First, “We have studied the facts and data.” When was that done? It certainly wasn’t done in public.
Second, “All of us have had extensive interaction with our constituents.” Perhaps, if you count the few of us who attend the board meetings. No attempt by the board to take the town’s pulse was made. No surveys, no special meetings to encourage discussion. Only a promise to create a commission to study the issue, which was subverted by the letter sent with no warning to the town.
Third, a claim that those who “live far outside our communities” have “made us a target” and “simply do not care about our economic situation.” Wow, that’s a reference to the second homeowners who comprise the second largest industry in our town. They only support real estate, contractors, restaurants, nurseries and CSAs (i.e., farmers). In short, a sustainable industry that promises to grow if it isn’t killed off by the boom-and-bust gas industry.

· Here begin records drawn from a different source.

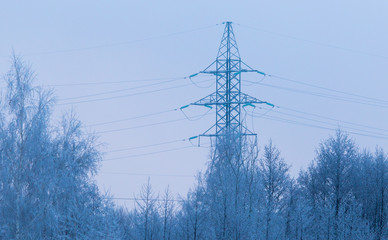 Metal electric pole in the winter in nature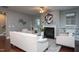 Bright living room with fireplace, built-in shelving, and comfortable seating for a relaxing atmosphere at 4026 Overcup Oak Ln, Cary, NC 27519
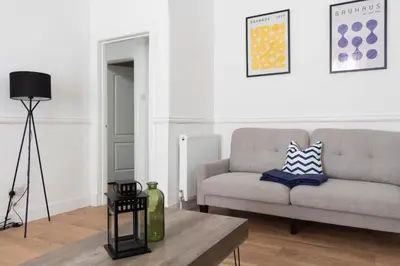 a living room with a couch and a table at 3 BDR House At Caledonia Luxe Stays Short Lets & Serviced Accommodation Tillicoultry in Tillicoultry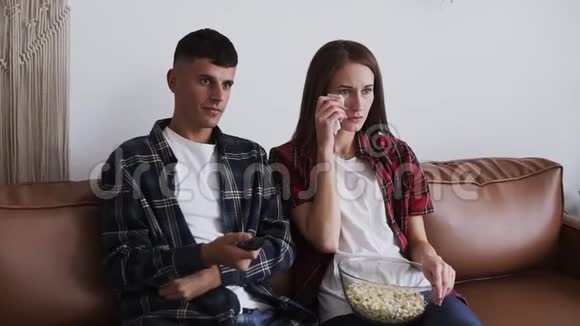 丈夫在家时敏感的女人正在看电视和哭泣男人换香奈儿夫妇坐在布朗视频的预览图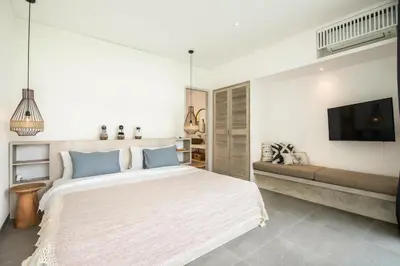 a bedroom with a large bed and a flat screen tv at Chic 4BR Villa, Canggu Hub, 800m to Beach Bliss in Canggu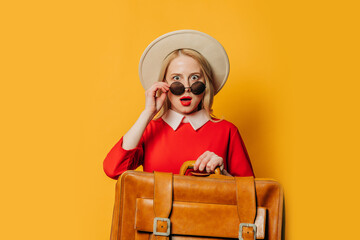 Surprised blonde hair woman in red dress with suitcase on yellow background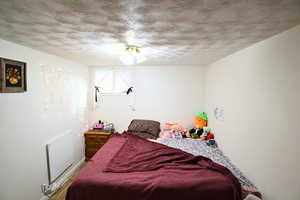 Bedroom featuring a textured ceiling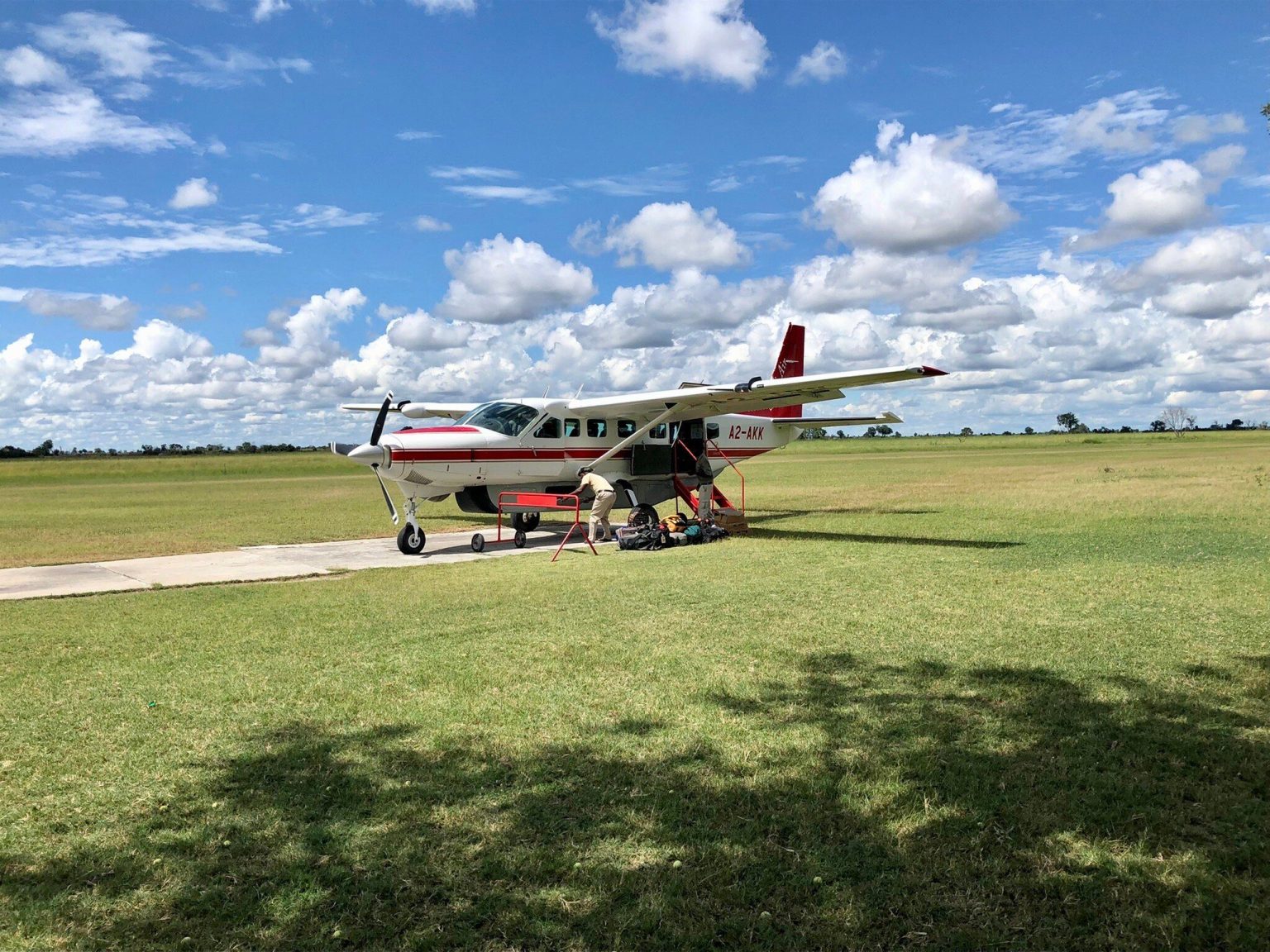 Single engine safari bush plane being loaded with bags on a grass airstrip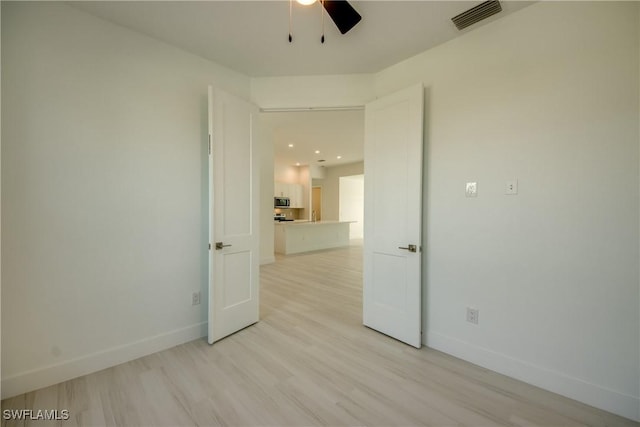 unfurnished room with ceiling fan and light wood-type flooring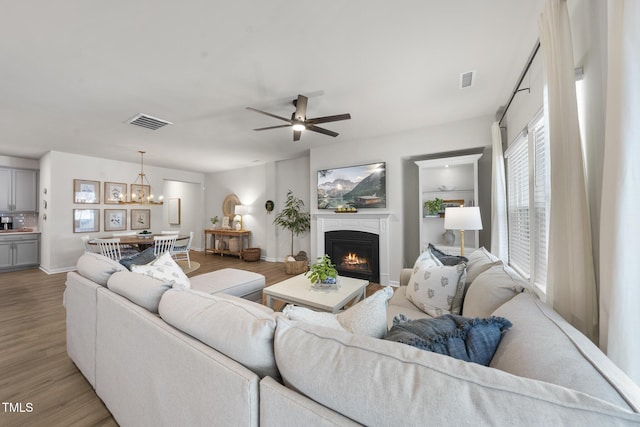 living room featuring light wood-style floors, a lit fireplace, visible vents, and ceiling fan with notable chandelier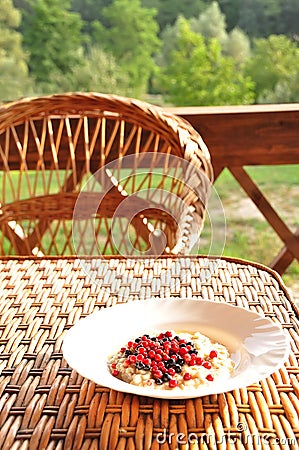 Oatmeal with forest different berries on the terrace table with a beautiful view of nature. Stock Photo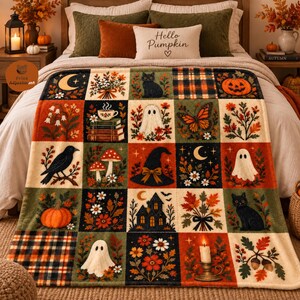 Op de afbeelding: Een rechthoekige plaid met een raster van herfstachtige illustraties, waaronder pompoenen, zwarte katten, spoken, paddenstoelen, een heksenhoed, een spookhuis, een maansikkel, bloemstukken en ruitpatronen in oranje, groen en zwart.
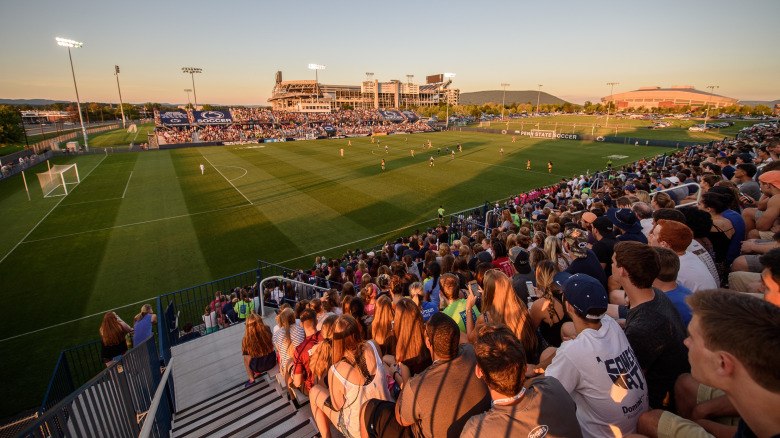 Crowd watches soccer match at Jeffrey Field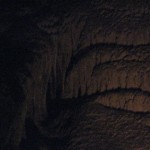 IMG_3874 This is one shot of "Frozen Niagra" -- the largest formation in the cave and one of the largest single curtain formations in the country. I couldn't capture it all without a powerful strobe and a wide-angle lens; this is just a fragment of it.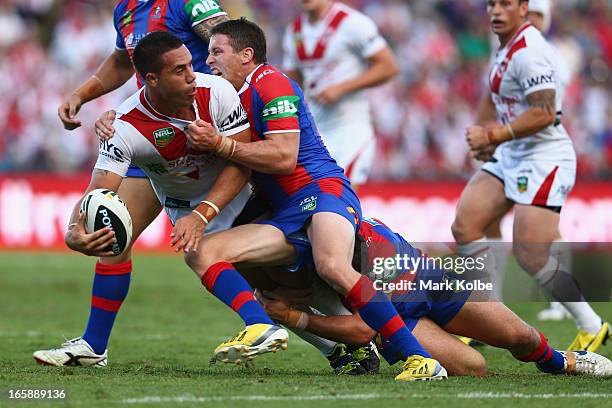 Bronson Harrison of the Dragons gets a pass away as he is tackled during the round five NRL match between the St George Illawarra Dragons and the...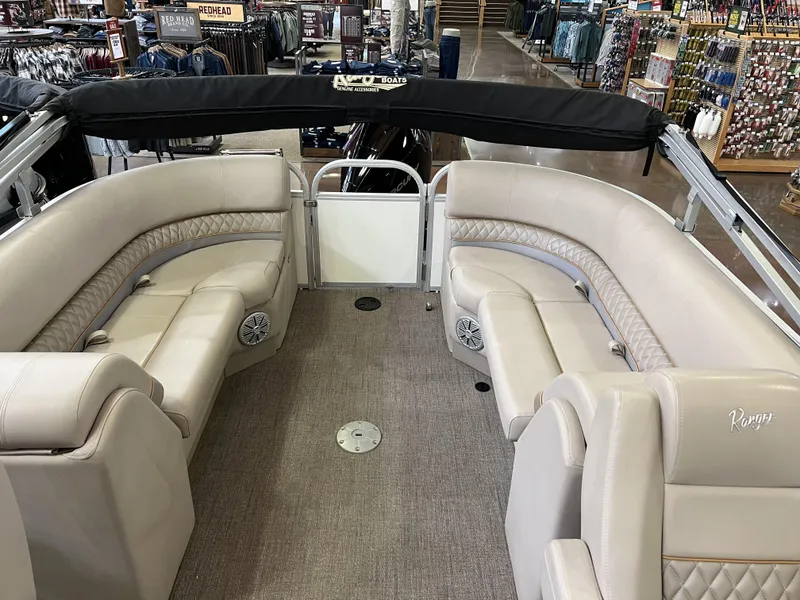 Slide: The Image of 2023 Ranger Reata 243C pontoon boat interior with beige seating. - 8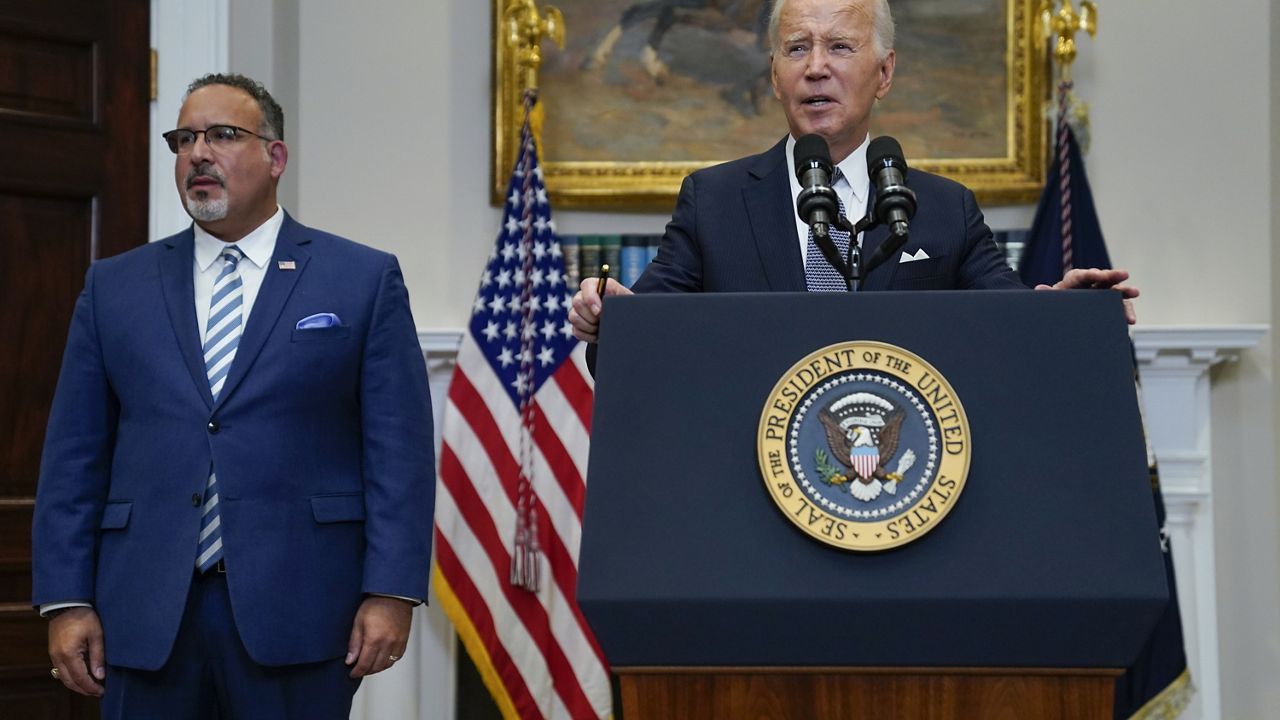 President Joe Biden speaks in the Roosevelt Room of the White House, June 30, 2023, in Washington, as his administration is moving forward on a new student debt relief plan after the Supreme Court struck down his original initiative. Education Secretary Miguel Cardona listens at left. Two conservative groups are asking a federal court to block the Biden administration’s plan to cancel $39 billion in student loans for more than 800,000 borrowers. (AP Photo/Evan Vucci, File)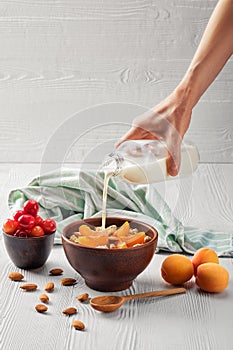 Female hand pouring milk in muesli with apricots and almonds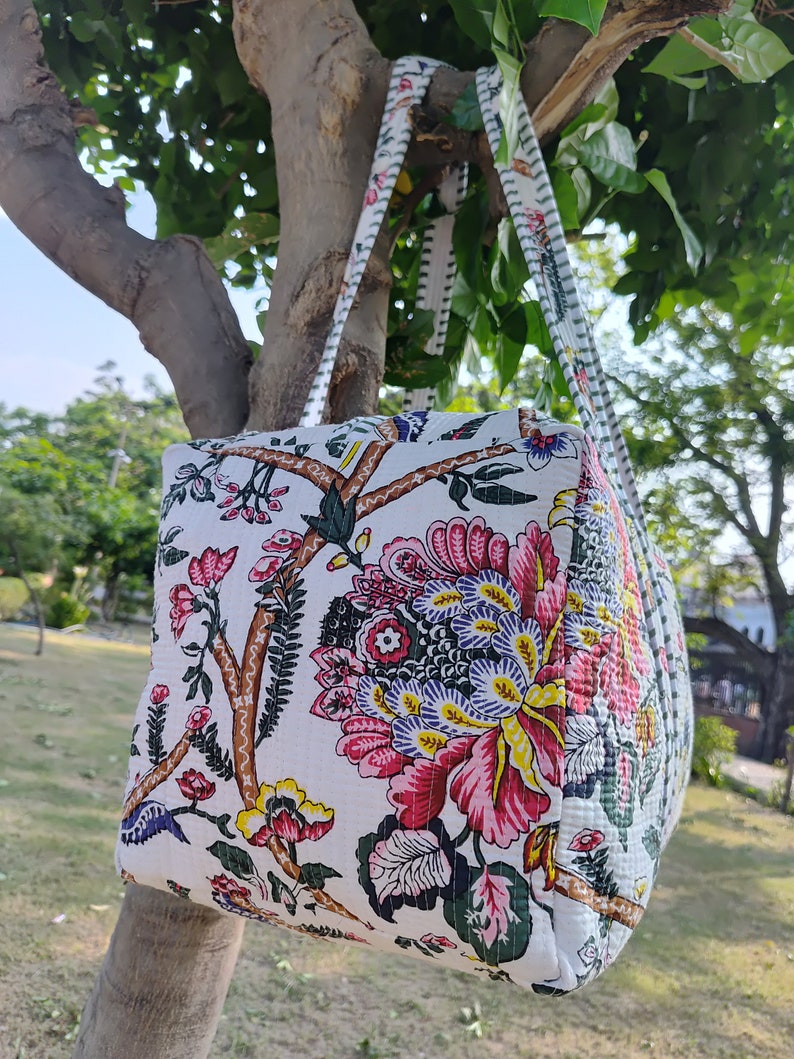 May include: A white tote bag with floral print featuring pink, red, yellow, and green flowers. The bag has two white straps with black trim.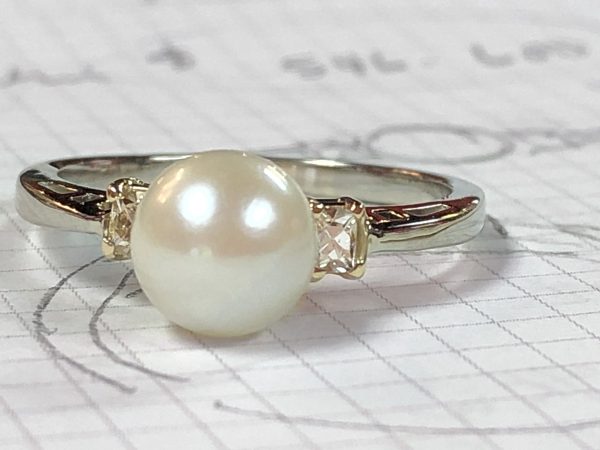 ring made from stud earrings and a solitaire pearl pendant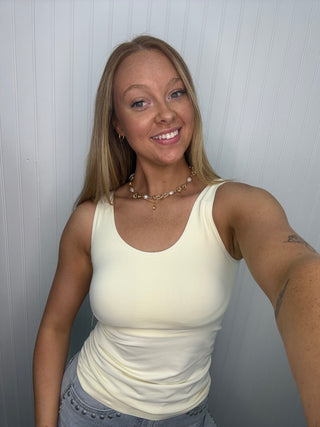 Ivory seamless tank top with built-in bra, scoop neckline, fitted silhouette.
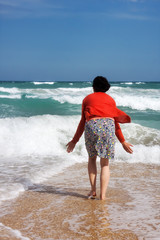 Fototapeta na wymiar Happy woman stands in the sea beach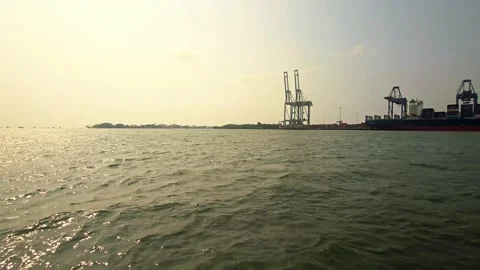 Sea Level View of Golden Sun Reflection Rippling on Choppy Ocean Water Passing a 스톡 동영상 343638678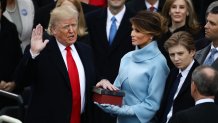 FILE: U.S. President-elect Donald Trump takes the oath of office as First Lady-elect Melania Trump, looks on during the 58th presidential inauguration in Washington, D.C., U.S., on Friday, Jan. 20, 2017.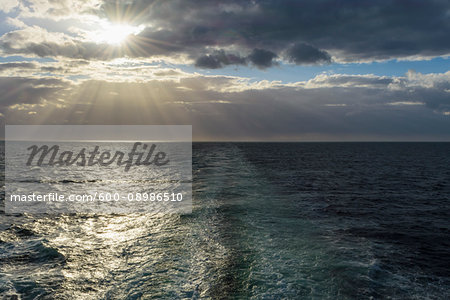 Ship's wake with sun shining through the clouds over the North Sea, United Kingdom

Fourth, “on behalf of our constituents… ” True, they were elected. They defeated the “newcomer upstarts.” Not on the gas drilling issue, but on the old boy, us against them, network, e.g., a woman I canvassed who said she didn’t agree with a certain candidate on drilling but couldn’t vote against a relative.
Which raises a question about the reason for the town officials’ letter. It was Governor Cuomo stating that fracking would only take place in towns where it was wanted that prompted the board to pass the Roeder resolution. The legal shortcut may be the board’s will. But that non-binding resolution represents a majority of the board—the decision was not unanimous—not of the townspeople. If the governor is sincere in wanting the towns to decide their fracking fate, then morally the taxpayers, residents—all the stakeholders—of the town should be surveyed by the boards before issuing resolutions. The way the Roeder resolution was slipped in during public comment, not even on the agenda, and the promise of an investigative commission followed by this fait accompli letter, indicates that the board is afraid of how the town really feels, or doesn’t care. And the governor better take note of that, too.
[Roy Tedoff is a resident of Hortonville, NY, in the Town of Delaware.]